** Opening Supplied records block **
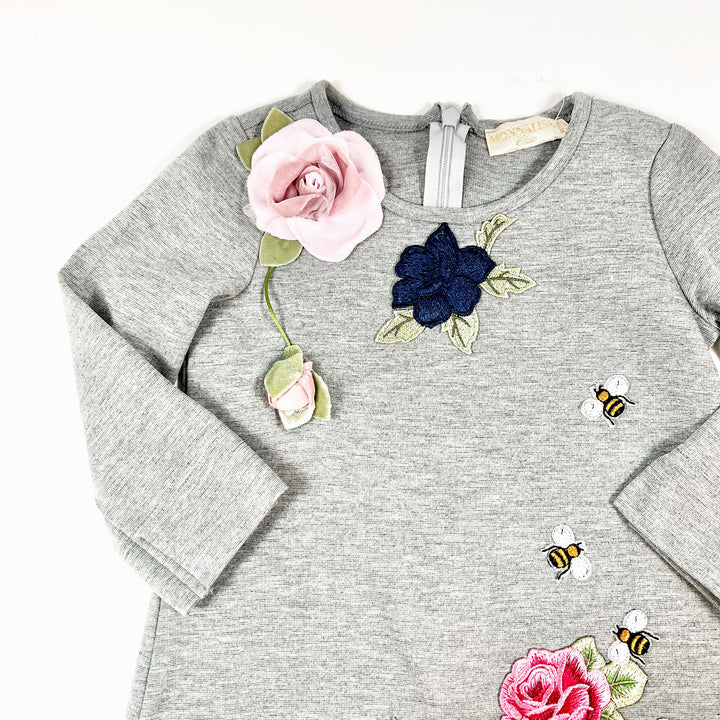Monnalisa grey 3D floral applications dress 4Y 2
** Closing Supplied records block **
** Opening Supplied records block **
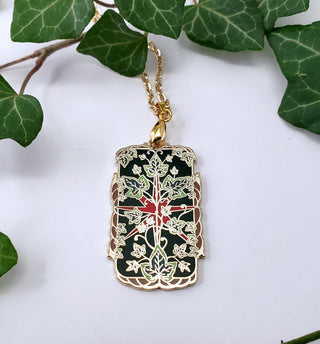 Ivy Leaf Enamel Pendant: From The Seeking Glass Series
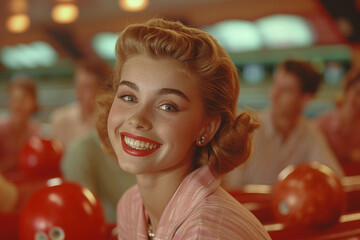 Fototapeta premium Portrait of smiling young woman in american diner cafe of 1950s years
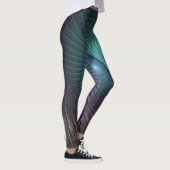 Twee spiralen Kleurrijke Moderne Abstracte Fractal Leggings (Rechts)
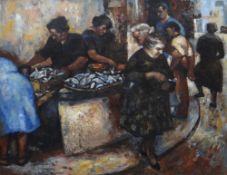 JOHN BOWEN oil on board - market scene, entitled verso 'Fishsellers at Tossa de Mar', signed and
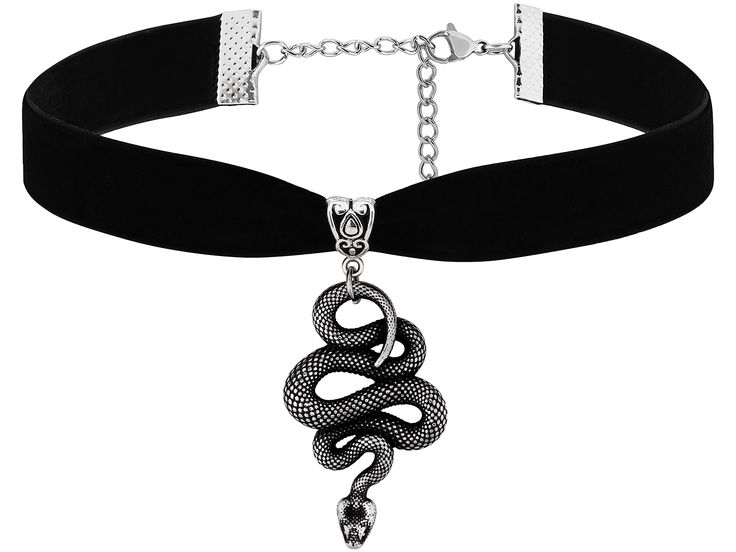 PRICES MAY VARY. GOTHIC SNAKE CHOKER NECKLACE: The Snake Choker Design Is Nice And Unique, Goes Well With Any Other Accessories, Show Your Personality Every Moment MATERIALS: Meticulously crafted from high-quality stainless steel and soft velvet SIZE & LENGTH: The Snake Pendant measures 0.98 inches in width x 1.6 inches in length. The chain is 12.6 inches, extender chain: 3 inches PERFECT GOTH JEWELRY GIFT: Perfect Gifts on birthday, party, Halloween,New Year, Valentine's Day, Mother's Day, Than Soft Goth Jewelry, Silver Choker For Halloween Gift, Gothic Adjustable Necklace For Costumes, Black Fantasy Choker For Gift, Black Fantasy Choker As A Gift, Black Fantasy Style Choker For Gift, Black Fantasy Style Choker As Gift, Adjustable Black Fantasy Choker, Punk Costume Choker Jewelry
** Closing Supplied records block **
** Opening Supplied records block **
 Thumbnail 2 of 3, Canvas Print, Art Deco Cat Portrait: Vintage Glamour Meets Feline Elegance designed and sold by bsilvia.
** Closing Supplied records block **
:: Exercise requirements ::
Copy the lines above exactly, starting with the line that contains "Twee spiralen Kleurrijke" and ending with the line that contains "JOHN BOWEN oil", and leave out any pictures.

:: Solution for this problem ::
 Twee spiralen Kleurrijke Moderne Abstracte Fractal Leggings (Rechts)
 JOHN BOWEN oil on board - market scene, entitled verso 'Fishsellers at Tossa de Mar', signed and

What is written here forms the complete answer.